Captioned web image data:
[Start of Attachment]

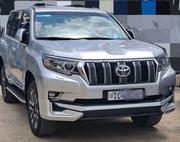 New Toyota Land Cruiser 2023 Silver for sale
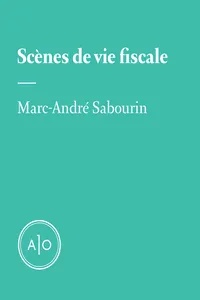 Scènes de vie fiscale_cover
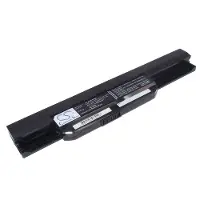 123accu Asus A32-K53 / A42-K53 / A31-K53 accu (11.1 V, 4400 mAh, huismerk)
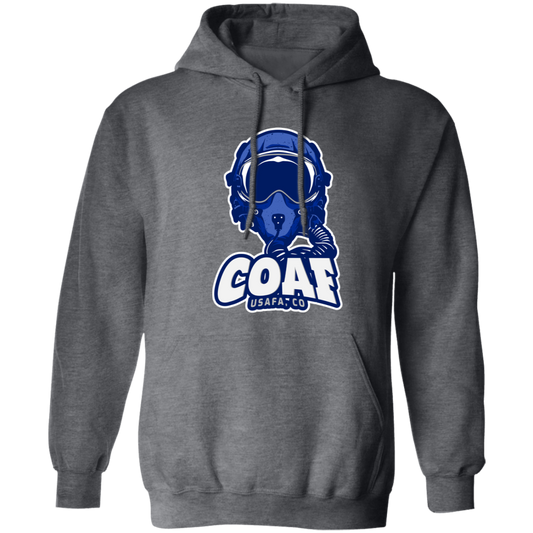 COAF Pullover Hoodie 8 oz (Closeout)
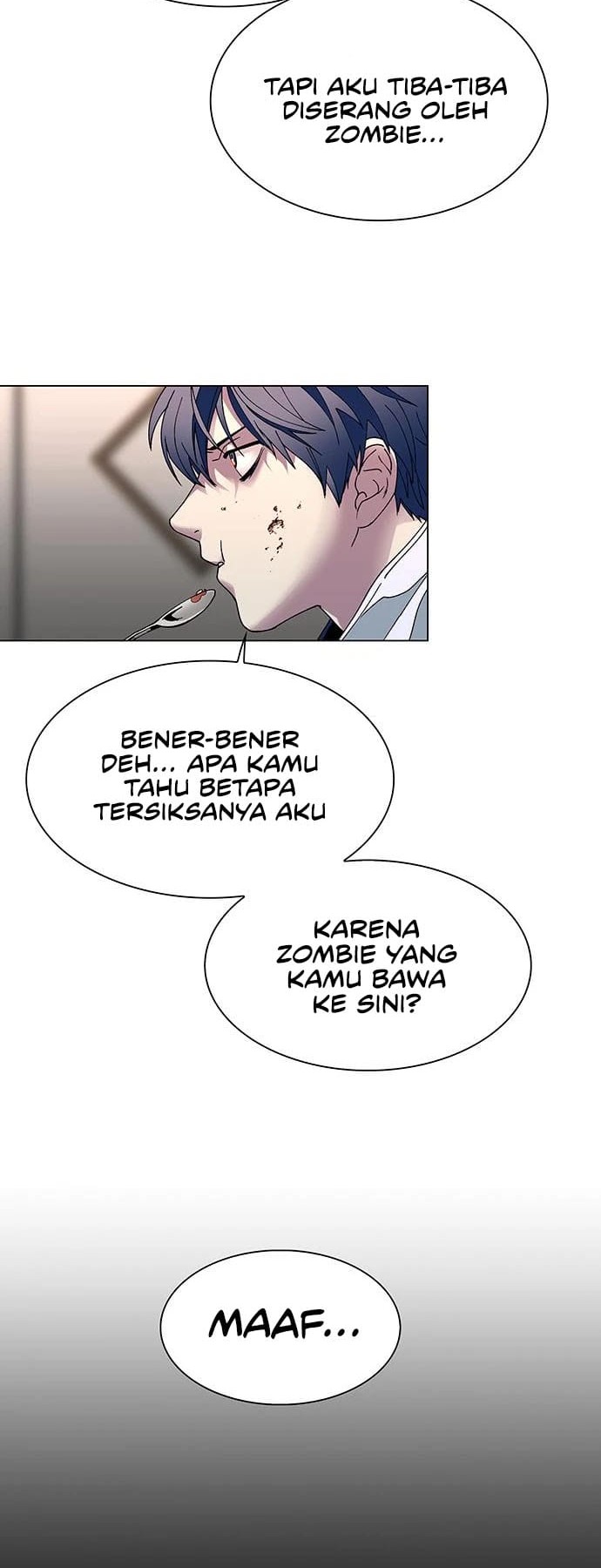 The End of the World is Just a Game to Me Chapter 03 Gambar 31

[End of Attachment]

Give every entry above again, exactly, and keep all pictures out of it.

 New Toyota Land Cruiser 2023 Silver for sale
 Scènes de vie fiscale_cover
 123accu Asus A32-K53 / A42-K53 / A31-K53 accu (11.1 V, 4400 mAh, huismerk)
 COAF Pullover Hoodie 8 oz (Closeout)
 The End of the World is Just a Game to Me Chapter 03 Gambar 31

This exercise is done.